After seeing Sunday's coverage of the WW I Draft Registration Cards at Ancestry.com, Darin Price was kind enough to send over not only a scan of an original, but some helpful advice.
I saw your post on WWI Draft Registration Cards in my daily perusal of your website. If you'd like to see an example of an actual one, I've attached my grandfather's. It's interesting to see it filled out.
Of note is something that I think many people who make prop documents forget - the local draft official misspelled St. Anthony as "St. Antony." (It's a tiny, tiny place in Miller County, MO. It's just a collection of 4 or 5 houses, but in 1918 it probably had a post office and a store.) Anyway, not everyone is a perfect speller, and I've noticed that it's not all that unusual to find misspellings even on official documents.

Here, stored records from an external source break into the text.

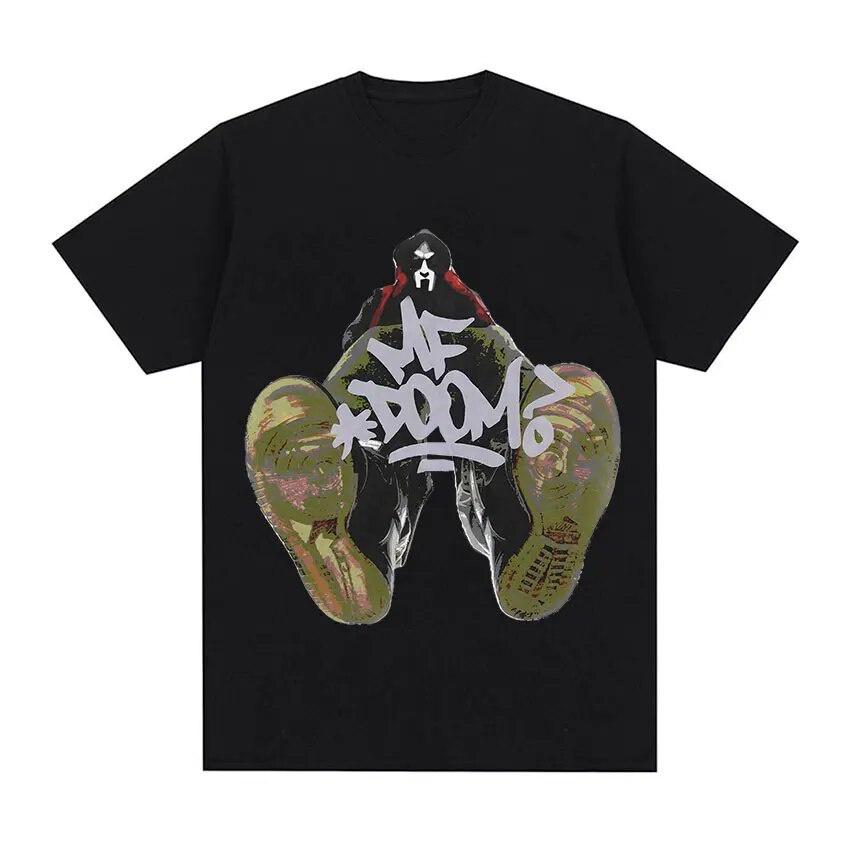 

American Summer New Madilide Metal Face Graphic T-shirt Men s T-shirt Retro Fashion Cotton Short-sleeved Top S разноцветный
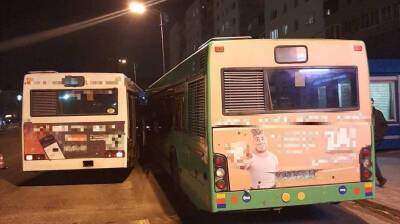 Два городских автобуса столкнулись в Бресте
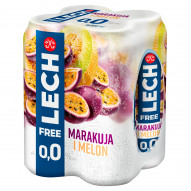 Lech Free Piwo bezalkoholowe marakuja i melon 4 x 500 ml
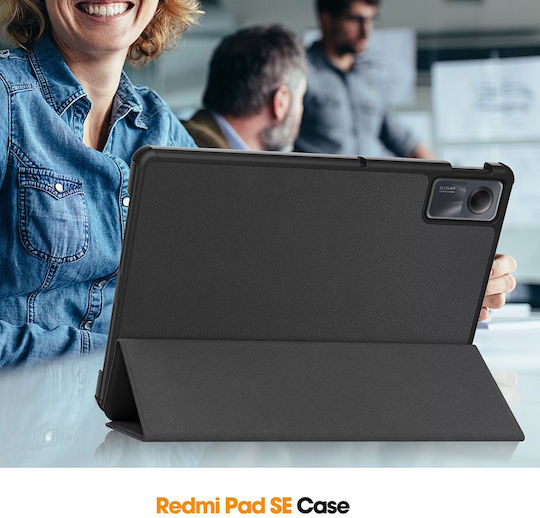 Techsuit Foldpro Флип капак Син (Redmi Pad SE 11" - Редми Пад SE 11") KF2314903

Also the rubber stamp, that I assume says "Local Board for the County of Miller State of Mo.", is not legible at the end. I always try to include those types of touches on the few prop documents that I've made. I feel that a prop document doesn't have to look perfect, but it should look *real.*
By the way, some of the cards were typewritten, but the majority from this
county were handwritten.
If you are interested in how my grandfather's draft registration turned out: he once told me that he had been called up, and he and the other draftees were put on a train for Texas - I assume for basic training. At one of the stops the train made, they received word that the Armistice had just been signed, so they were all taken off the train and sent back home on the next north-bound train.
My thanks to Mr. Price for his generosity.